Muro. Now here is a town that lies some ten kilometres from its playa, as in Playa de Muro. It is to the latter that tourists flock in summer; it is to the latter that elements in the town hall would rather they also flocked at all times of the year in order to play golf on the as-yet undeveloped course; it is the former – the town of Muro – that, were you a tourist minded to go and visit the old town that gives the playa its name, does not have a direct bus service from this same playa; it is the former that the tourism bods singularly fail to make any great play of, save some brochures at the Playa de Muro tourism office; it is to the former that no-one probably would be inclined to go, save to admire its vast church or to trek around a museum.

When, therefore, Sr. Nadal says that this upgrading of the old town centre is all a facet of the de-seasonalisation of tourism and of the tourism offer by the interior towns (in this case Muro), what tourism is he actually referring to? Are there great hordes of tourists flooding into the town? No, I don’t think so either. Even when there is something going on in Muro, as there will be with the fiesta later this month, will there be a big tourism promotion? I somewhat doubt it.

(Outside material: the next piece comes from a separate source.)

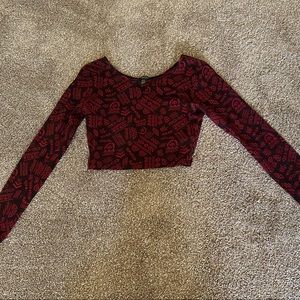 Long sleeve design crop top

The point is that it is the playa of Muro that generates the town’s tourism, not the town. There is absolutely nothing wrong of course in upgrading the centre, but what about upgrading the playa? Those awful eyesores that are the empty units along the main road could, should, be given some serious attention. Some money might well have been diverted towards creating something that Playa de Muro badly lacks – a focal point. But no, the old town has got nigh on two millions worth of folding notes, and for what?

Turn the music off
There has been a bit of an old rumpus cracking off in Magaluf. This relates to the application of a new law emanating from the environment ministry which states that nights start not at 24:00 but at 23:00. What this means is that bars have to stop music on their terraces at 11 o’clock at night. Moreover, the bars have had to reduce the decibel levels by a further ten points. Bar owners have protested. And how? By closing, which does seem a bit like cutting your nose off to spite your face, but they have a legitimate gripe. Bear in mind, this is a law from the government, it isn’t just a local thing, though the decibel levels have been cut following a “denuncia”. Magaluf is not the only place affected.

The bar owners, and this means bar owners everywhere, have been getting it in the neck for years. Twelve o’clock curfew, now an hour earlier; sound limiters and now lower decibel levels. You can add in the colossally petty way in which the size of terraces are policed and numerous other things. And now of course there is the sheer difficulty caused by recession. Yes, noise is an issue. But these are holiday resorts. This latest attack on bar owners is ridiculous.